- [Saved data entries]:
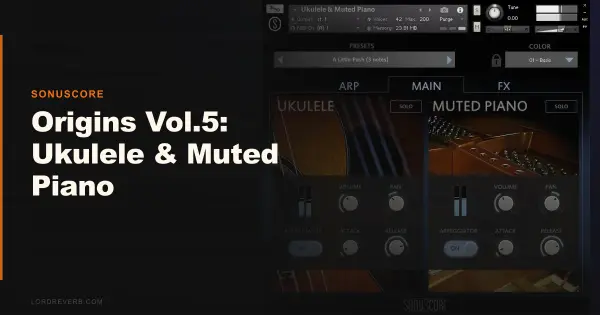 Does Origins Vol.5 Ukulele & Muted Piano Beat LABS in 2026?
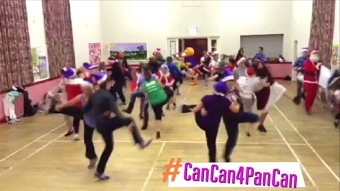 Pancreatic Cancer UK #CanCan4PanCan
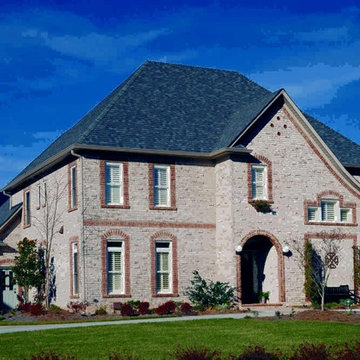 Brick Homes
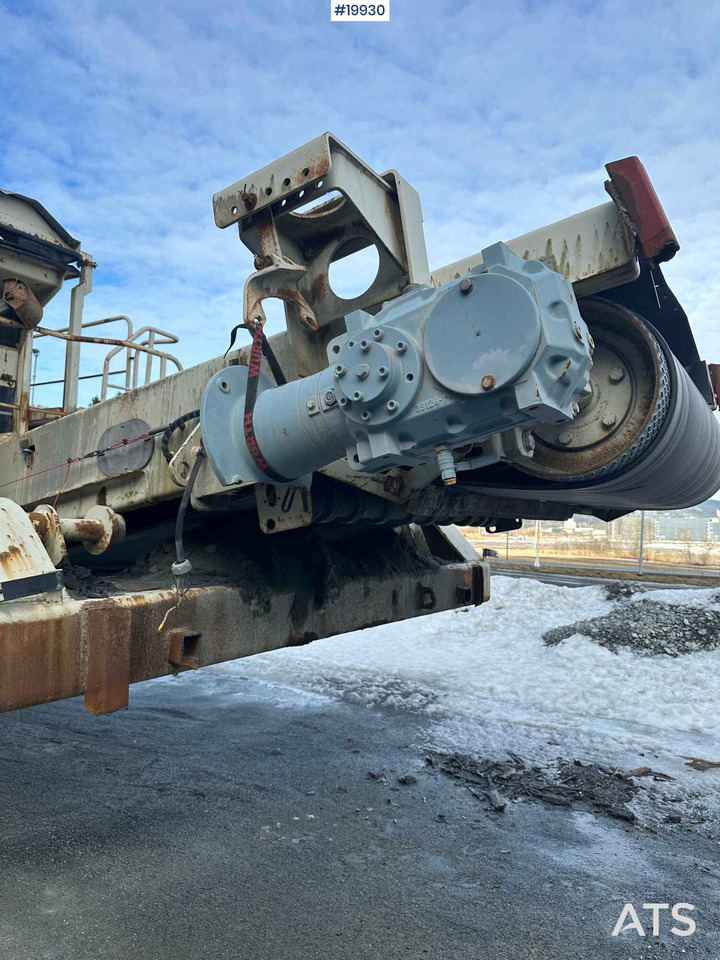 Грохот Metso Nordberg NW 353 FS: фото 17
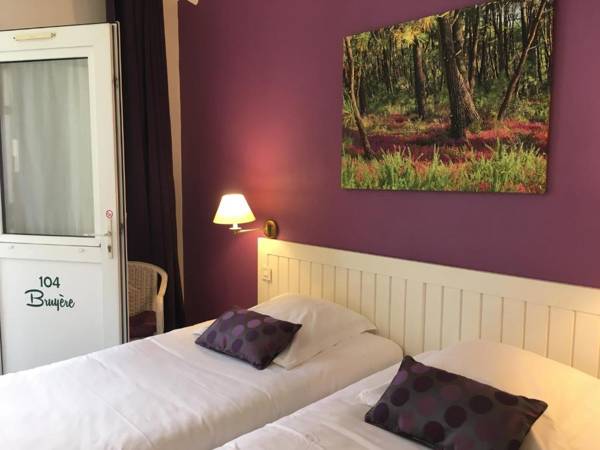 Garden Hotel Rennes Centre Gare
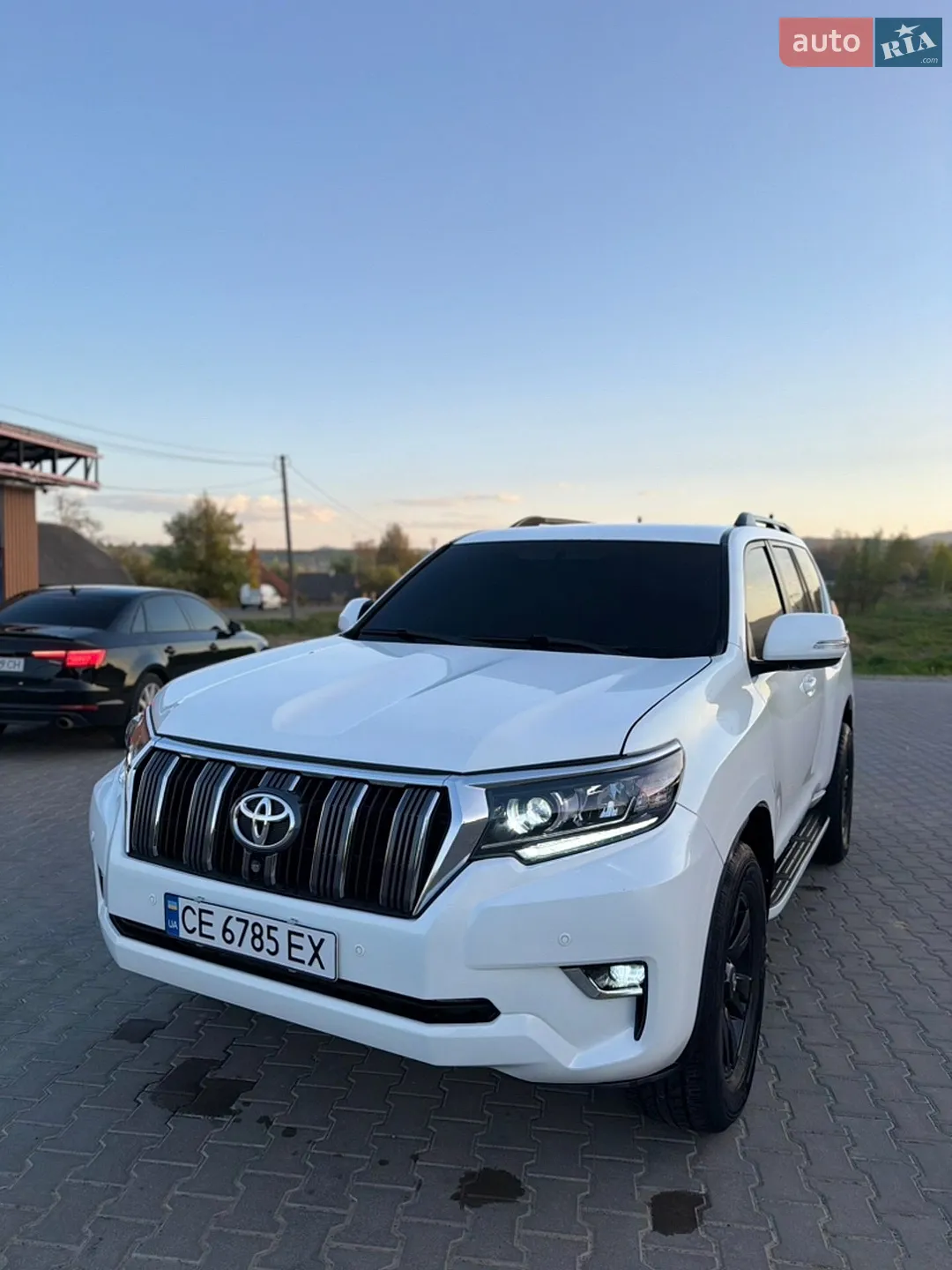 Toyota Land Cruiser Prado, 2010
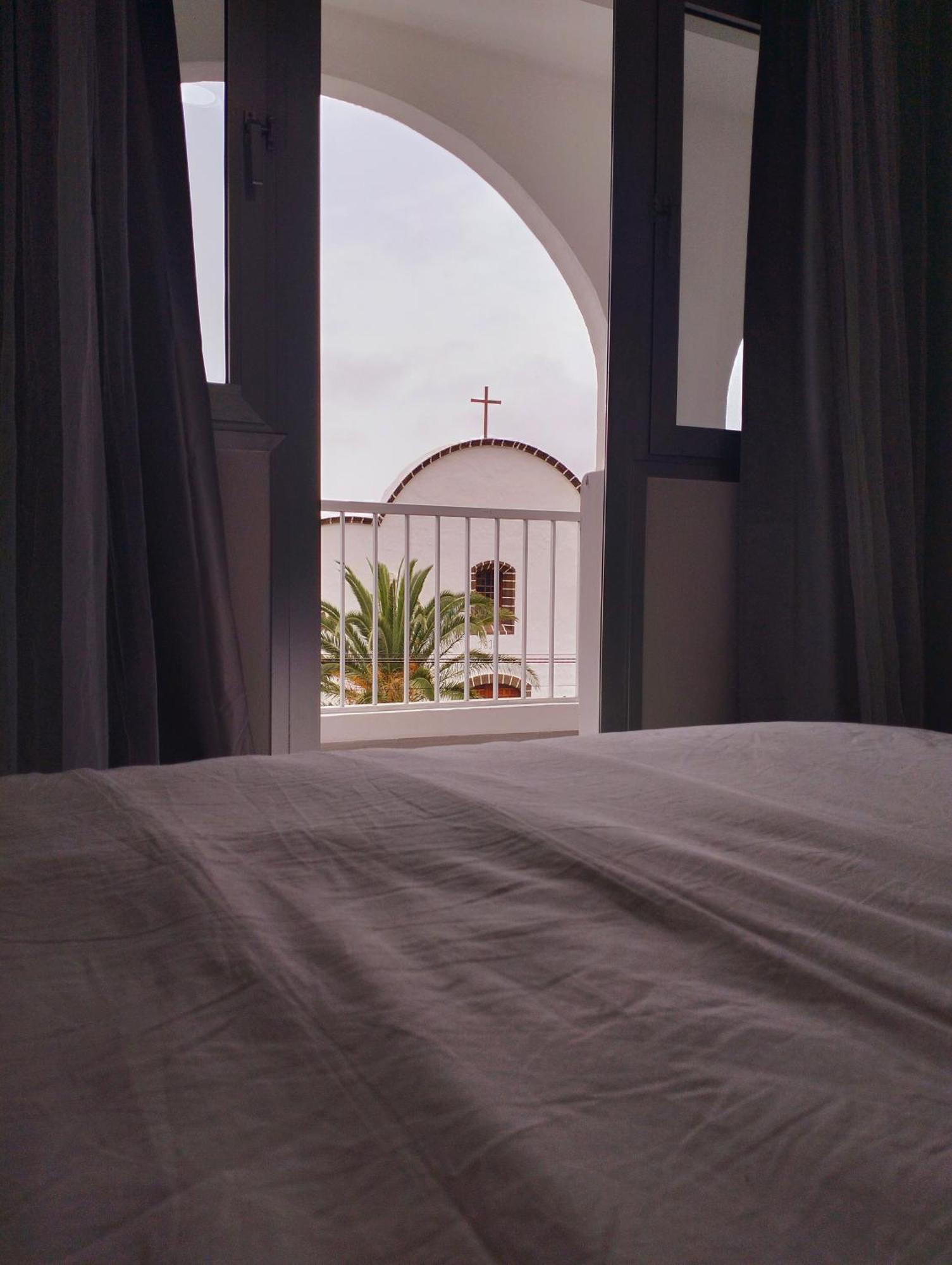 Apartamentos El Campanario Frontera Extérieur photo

- [WHAT TO WORK ON]: The response should consist of the entries above, given again exactly and free of pictures.

- [WRITTEN ANSWER]:
 Does Origins Vol.5 Ukulele & Muted Piano Beat LABS in 2026?
 Pancreatic Cancer UK #CanCan4PanCan
 Brick Homes
 Грохот Metso Nordberg NW 353 FS: фото 17
 Garden Hotel Rennes Centre Gare
 Toyota Land Cruiser Prado, 2010
 Apartamentos El Campanario Frontera Extérieur photo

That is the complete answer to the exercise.